# Big Data Platform
## Small files and MapReduce

**By:**  

Eyal Michaeli, 207380528
Tzach Larboni, 302673355

<br><br>

#### Abstract: <br>
In the following notebook we will implement the Consolidated Batch Files solution to the small files problem of MapReduce. We chose to implement a slight modification of the word-counter implementation of MapReduce, in which we will count the number of appearances of each first name in the origin files. <br>
First, we will generate multiple small files and run MapReduce on them while timing the run. Later, we will implement a consolidation function and run the same MapReduce code on the consolidated files while timing it as well. <br>
Our implementation shows that the proposed solution indeed makes MapReduce more efficient and thus resolves the small files problem. For further discussion of the solution, please see the relevant section in the attached paper.

**Imports**

In [1]:
import os
import random
import warnings
import concurrent
import sqlite3
import traceback
import shutil
import time
from pathlib import Path
from typing import List

# ml
import numpy as np
import pandas as pd

**Hide Warnings**

In [2]:

warnings.filterwarnings('ignore')

**Disable Autoscrolling**

In [3]:
%%javascript
IPython.OutputArea.prototype._should_scroll = function(lines) {
    return false;
}

<IPython.core.display.Javascript object>

**Set Random Seed**

In [53]:
random.seed(123)

## Implementation

In [54]:
# insert your path here:
my_path = "/Users/eyalmichaeli/Desktop/School/Master's/IDC_masters/BigDataPlatforms/Final Project - MapReduce/output" 
# "/Users/mymac/IDC_masters/big_data_platforms_ex2"

path = Path(my_path)

In [55]:
firstname = ['John', 'Dana', 'Scott', 'Marc', 'Steven', 'Michael', 'Albert', 'Johanna']
city = ['NewYork', 'Haifa', 'Munchen', 'London', 'PaloAlto', 'TelAviv', 'Kiel', 'Hamburg']
secondname = ['Lennon', 'McCartney', 'Starr', 'Harrison', 'Ono', 'Sutcliffe', 'Epstein', 'Preston']

def create_csvs(number_of_csvs: int, rows_per_csv) -> None:
    """
    Creates <number_of_csvs> csv files, with the firstname, city, secondname defined above 
    """
    csvs_path = path / "csvs"
    csvs_path.mkdir(parents=True, exist_ok=True)
    csv_paths = list()
    for i in range(0, number_of_csvs):
        temp_df = pd.DataFrame({"firstname": np.random.choice(firstname, rows_per_csv),
                                "secondname": np.random.choice(secondname, rows_per_csv),
                                "city": np.random.choice(city, rows_per_csv),
                                })

        csv_path = str(csvs_path / f"myCSV{i+1}.csv")   
        csv_paths.append(csv_path)                  
        temp_df.to_csv(csv_path, index=False)

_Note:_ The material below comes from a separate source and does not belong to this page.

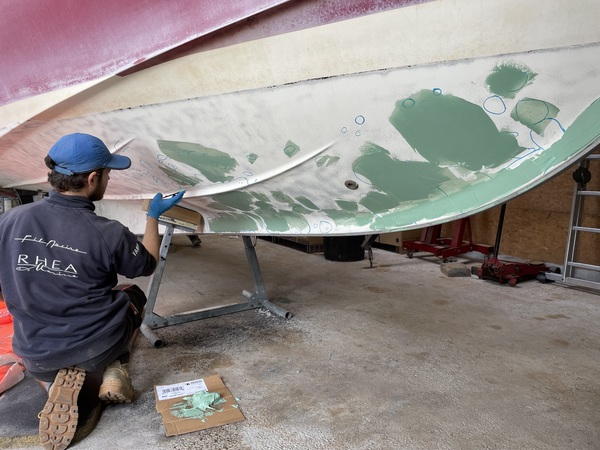 RHEA 750 TIMONIER REFIT PREPARATION CARENE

    print(f"Created {number_of_csvs} CSV files")

    return csv_paths

Use python to Create `mapreducetemp` and `mapreducefinal` folders

In [56]:
mapreducetemp_folder = path / "mapreducetemp"
mapreducetemp_folder.mkdir(parents=True, exist_ok=True)

mapreducefinal_folder = path / "mapreducefinal"
mapreducefinal_folder.mkdir(parents=True, exist_ok=True)

print("Created folders")

Created folders


<br><br><br>
## MapReduceEngine

The following Python code creates an SQLite database with the following table

`TableName: temp_results`   
`schema: (key:TEXT, value:TEXT)`

In [57]:
# Creates the database "temp_results.db", then closes it.
def create_db(db_path):
    conn = None
    cursor = None
    try:
        conn = sqlite3.connect(db_path)
        cursor = conn.cursor()
        cursor.execute("CREATE TABLE IF NOT EXISTS temp_results (key, value);")

    except Exception:
        traceback.print_exc()

    finally:
        print(f"Created a Database, in the following path: {db_path}")
        cursor.close()
        if conn:
            conn.close()


create_db(str(path / "temp_results.db"))


Created a Data Base, in path: /Users/eyalmichaeli/Desktop/School/Master's/IDC_masters/BigDataPlatforms/Final Project - MapReduce/output/temp_results.db


1. **Explanation about the following Python Class and its method:** The class is `MapReduceEngine` and the method is `def execute(input_data, map_function, reduce_function)` such that:
    - `input_data`: is an array of elements
    - `map_function`: is a pointer to the Python function that returns a list where each entry of the form (key,value) 
    - `reduce_function`: is pointer to the Python function that returns a list where each entry of the form (key,value)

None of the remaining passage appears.